What is being asked:
After locating "comic book speech" in the listing below, copy that line and each one after it exactly, ending with the line that has "Desa Men's Black".

Record excerpts:

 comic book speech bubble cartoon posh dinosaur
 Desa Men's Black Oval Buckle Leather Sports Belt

--

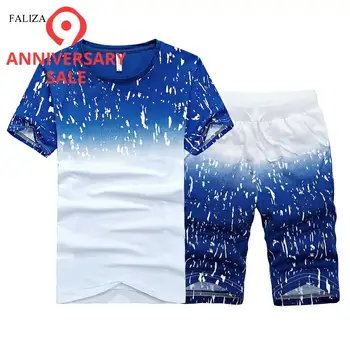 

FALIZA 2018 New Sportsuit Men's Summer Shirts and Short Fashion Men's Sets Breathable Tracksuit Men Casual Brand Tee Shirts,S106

* * *

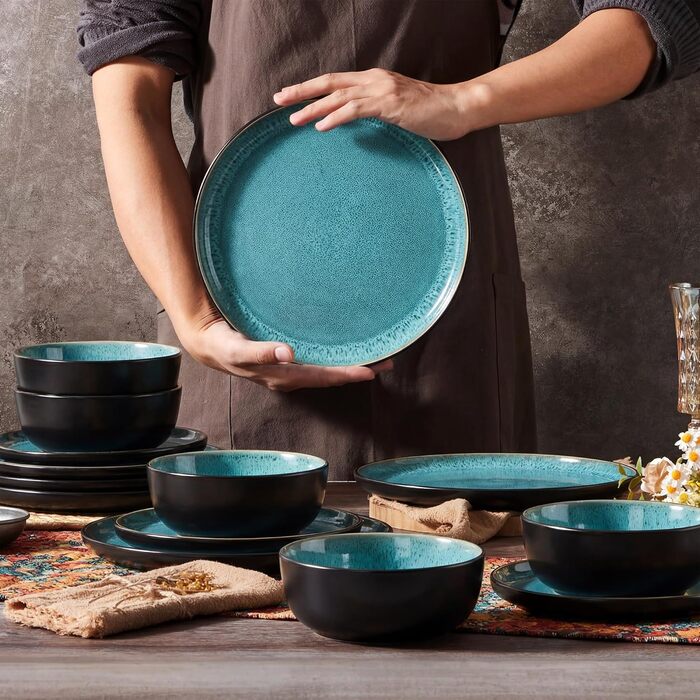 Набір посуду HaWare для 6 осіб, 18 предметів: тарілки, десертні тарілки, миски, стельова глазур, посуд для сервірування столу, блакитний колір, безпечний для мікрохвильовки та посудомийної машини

Problem solution:
 comic book speech bubble cartoon posh dinosaur
 Desa Men's Black Oval Buckle Leather Sports Belt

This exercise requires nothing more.